EXERCISE 2-5: Energize Your Heart Center

       1.    Ask someone you feel safe with to sit beside you.

       2.    Place your hand on your heart. As you do so, ask the other person to gently place their hand on the middle of your back, on a level with your hand on the front of your body. You can also experience the energy shift of this exercise by remembering the feeling of connection with another as you lean your back into a cushion while sitting on a firm couch or chair.

       3.    Breathe gently in and out. Feel the sense of stable energy in the center of your torso. Relax into the ease and comfort of an active social engagement system.

       4.    After a minute or two, you can switch roles with your partner if you wish.

The social engagement system works nonverbally. The warm, safe touch communicates safety, returning the nervous system to calm, even without words.


 

EXERCISE 2-6: Hand on Heart

This tool is powerful enough to calm down a panic attack in less than a minute.

       1.    Place your hand on your heart. Breathe gently, softly, and deeply into the area of your heart. If you wish, breathe in a sense of ease or safety or goodness into this heart center.

       2.    Remember one moment, just one moment, when you felt safe, loved, and cherished by another human being. Don’t try to recall the entire relationship, just one moment. This could be a partner, a child, a friend, a therapist, or a teacher; it could be a spiritual figure. (Remembering a loving moment with a pet can work very well, too.)

       3.    As you remember this moment of feeling safe, loved, and cherished, let yourself experience the feelings of that moment. Let the sensations wash through your body. Let yourself stay with these feelings for twenty to thirty seconds. Notice any deepening in a visceral sense of ease and safety.

       4.    Repeat this practice many times a day at first, to strengthen the neural circuitry that remembers this pattern. Then you can repeat it any time you need to, any time at all.

Remembering a moment of feeling safe, loved, and cherished by another person or pet activates the social vagus, reassuring you that indeed you are safe, you belong, and you are welcomed. Your blood pressure decreases, and your heart rate stabilizes. You return to the sense of safety that comes from a feeling of connection and belonging with safe others, even when you are alone.

Of course, you can experience this bonding and belonging, this “calm and connect” feeling, whenever you are with people you trust and feel safe with. You can also activate the release of oxytocin whenever you remember or imagine such moments. I suggest you practice this exercise whenever you experience the first signal of a startle or an upset. With practice, it will enable you to back out of a difficult emotional reaction before it hijacks you. At a minimum, practice it five times a day for a full week to train your brain in this new response to any difficult moment. It’s portable equilibrium.


 

EXERCISE 2-7: Savor a Moment of Connection

Note: This exercise works extremely well even in the midst of overwhelming trouble or tragedy.
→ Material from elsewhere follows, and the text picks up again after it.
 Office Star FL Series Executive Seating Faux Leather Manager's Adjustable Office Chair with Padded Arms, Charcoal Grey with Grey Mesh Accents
       1.    Identify a trusted friend (or therapist). Sit face to face with this person, in comfortable physical proximity. Smile at each other in an open, friendly way, maintaining eye contact.

       2.    Feel a sense of care and concern for the welfare of the other person, and let your facial expressions convey that. Let yourself sense that this person cares for your well-being too; observe this caring in their facial expressions.
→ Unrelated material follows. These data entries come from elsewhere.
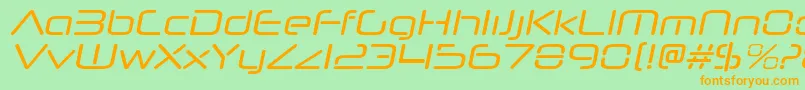 Шрифт NeuropolnovargItalic – оранжевые шрифты на зелёном фоне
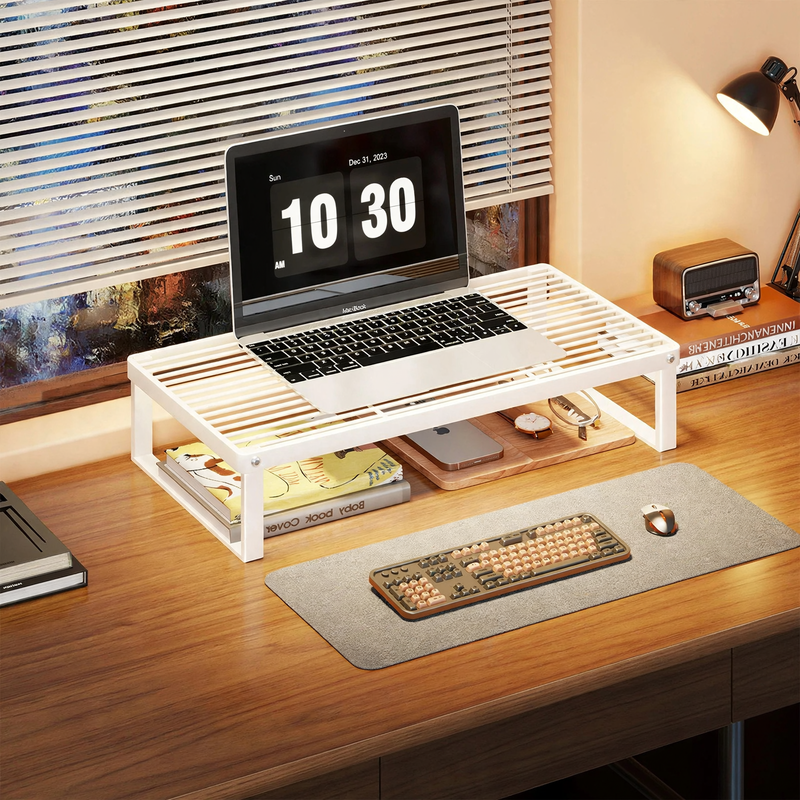 Wood Laptop Stand with Desk Organizer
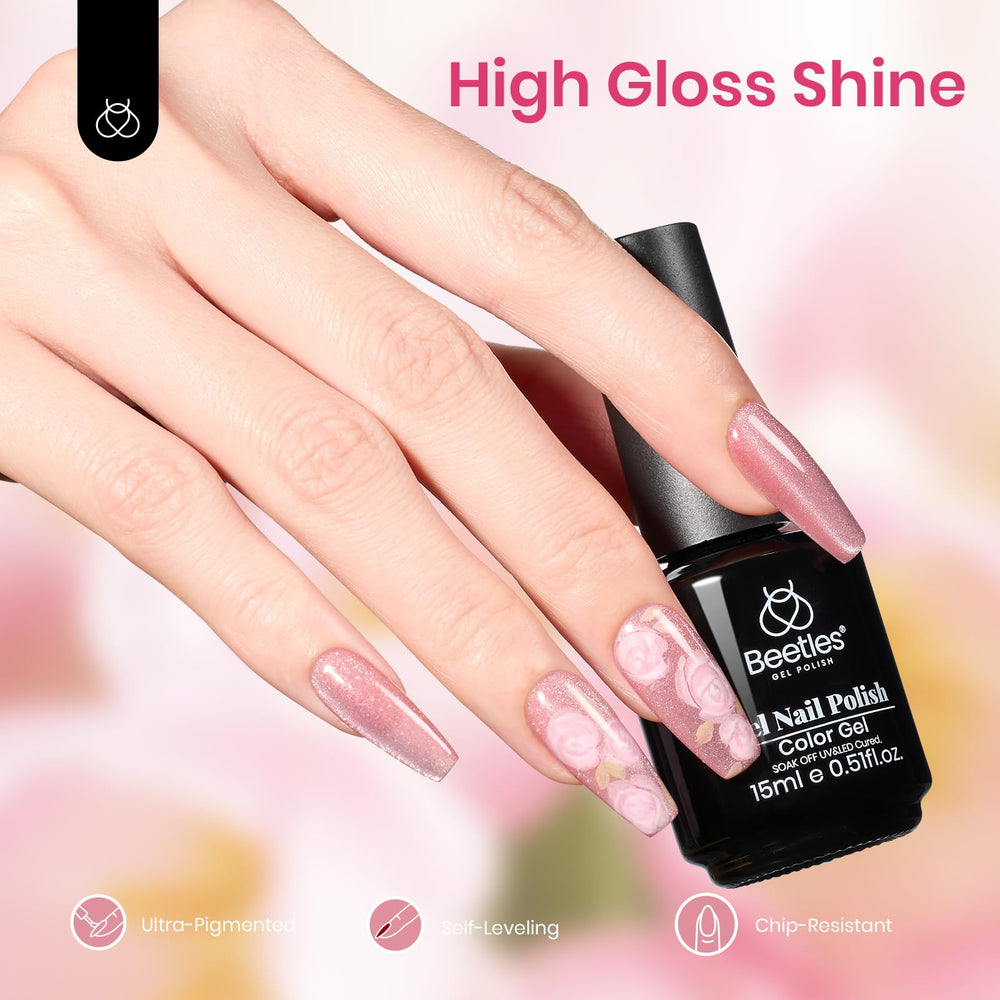 beetles gel polish label close-up displaying shade name and product details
       3.    Savor the sense of relaxation in the connection. Focus on the experience for thirty seconds, and let the feelings deepen. Notice the felt sense of relaxation in your body.
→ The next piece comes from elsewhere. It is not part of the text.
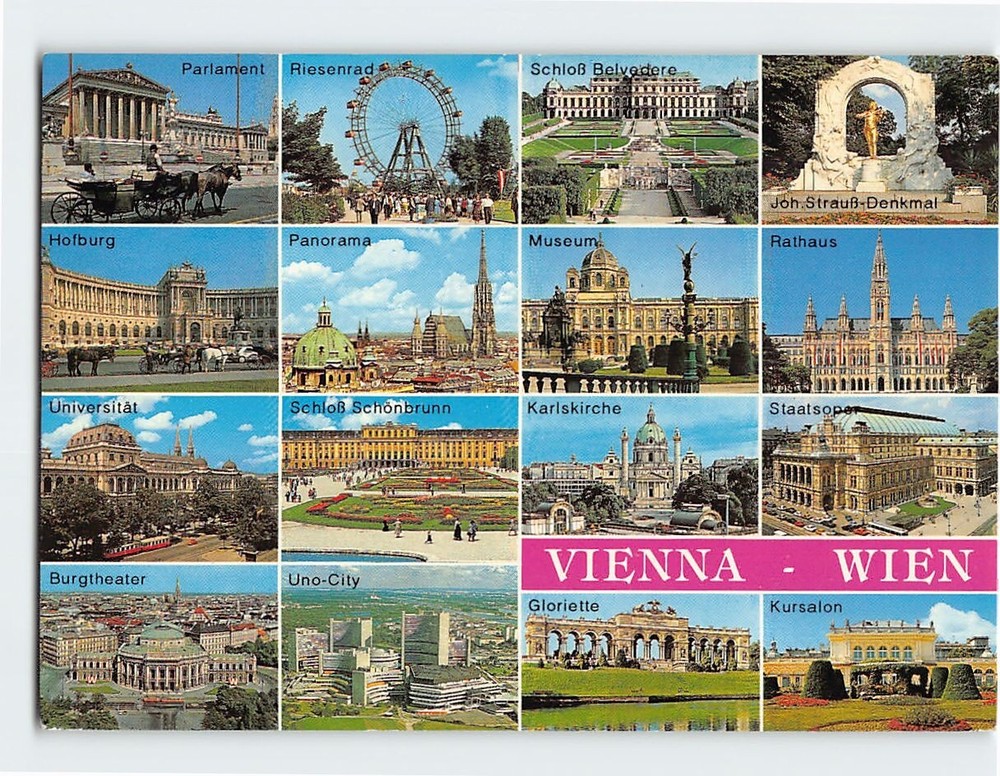 Postcard Famous Places At Vienna Austria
Savoring connection is a neural exercise, using the ventral vagus pathway, that generates a resource of safety and thus resilience in your brain. Savoring gives your brain the time it needs to transform the positive experience into positive feelings.


Level 3. Too Much

Sometimes life whacks you really hard. “Fall down seven times, get up eight” is an inspiring Japanese proverb, but it’s not always easy to pick yourself up from a trauma, a series of traumas, or a lifetime of traumas. When you’ve been dumped out of the boat and need help climbing back in, it’s especially important to strengthen and use your social engagement system to find refuges and resources in safe connections with other people.

 

EXERCISE 2-8: Equanimity for Two

Each breath cycle gently exercises the rhythm of regulation of your social vagus. Breathing in, activating the SNS, supports social engagement and connection; breathing out, activating the PNS, evokes a sense of well-being. In this exercise, you synchronize your breathing with another person’s to add interconnection to the practice.

       1.    Have your partner lie down comfortably on the floor with eyes closed. Sit comfortably on the floor nearby. Come into a sense of presence, of being with this person, here and now.

       2.    Place one hand on your partner’s hand or forearm, the other hand on the crown of their head. Your partner breathes slowly and deeply.

       3.    Begin to synchronize your breathing with their breathing. Simply breathe together for two to three minutes, noticing the life force of the breath entering and leaving their body and yours.

       4.    After two to three minutes, you and your partner can switch roles.

Repeated use strengthens your social engagement system. You can more easily drop into a shared equilibrium, an equanimity for two.


You gain stability and strength when you recognize your kinship with other human beings who are in the same boat you are — or who have been dumped out of the same boat you have. You realize the shared humanity of your situation. “I’m not the only one. I’m not alone.”

 

EXERCISE 2-9: Join or Start a Support Group

       1.    Find a support group in your area for people who have experienced the same trauma as you have, or a similar trauma — a support group for people with cancer, for Alzheimer’s caregivers, or for parents who have lost a child to violence, illness, or natural disaster. You gain support, encouragement, and role modeling from people who know what you’re going through without your having to say anything, justify anything, or explain anything. These are people who, in the words of Brené Brown, have “earned the right to hear your story.” Being with safe others strengthens everyone’s social vagus; you are helping regulate one another’s emotions even as you are supporting one another.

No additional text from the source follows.